Where to read the prompt

packages/backend/convex/lib/openai.ts exports buildReasoningMessages(user, college). The system prompt is the first message; the user message is the structured fact block. Read both before touching either — anti-slop rules are encoded as terse imperatives, easy to weaken accidentally.

Why not Claude or Gemini

Both are viable. gpt-5.4-nano was chosen for (a) lowest current $/M-input-token at acceptable quality, (b) low p99 latency on short outputs, (c) the existing OpenAI account already had org-level cost controls configured. Switching providers is a one-file change in openai.ts (HTTP client + auth header + response shape). The blurb prompt would need re-tuning for the new model's defaults — superlative + em-dash bans are model-agnostic but each model has its own slop fingerprint.

Why not fine-tune

The blurb's job is to summarize structured data the model is already given. There is no domain-specific vocabulary to teach. Fine-tuning would add operating burden (training pipeline, model versioning, eval set) without measurable quality gain over a good system prompt with strict guardrails.

Why not on-device

expo-router + Hermes does not run an LLM on-device at acceptable latency on mid-range Android. The blurb is short enough that a 300ms cloud round-trip is below the threshold a user notices.

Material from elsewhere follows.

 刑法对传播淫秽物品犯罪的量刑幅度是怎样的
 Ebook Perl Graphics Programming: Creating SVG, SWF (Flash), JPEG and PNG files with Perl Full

What was deliberately not built

Re-running the V1 ingestion pipeline anywhere in V2. The scripts/ingestion/* files exist only on legacy/v1-archive.
A vector store. No Convex RAG component, no Pinecone, no pgvector.
A "find similar schools" semantic search. Browse uses Scorecard's searchIndex on identity.name + structured filters (active, primaryCategory, state, ownership). See packages/backend/convex/schema.ts colleges.searchIndex("search_colleges_v2", ...).

If a future product decision adds back semantic search, do it as an additive layer on top of the current deterministic engine. Do not unwind the determinism.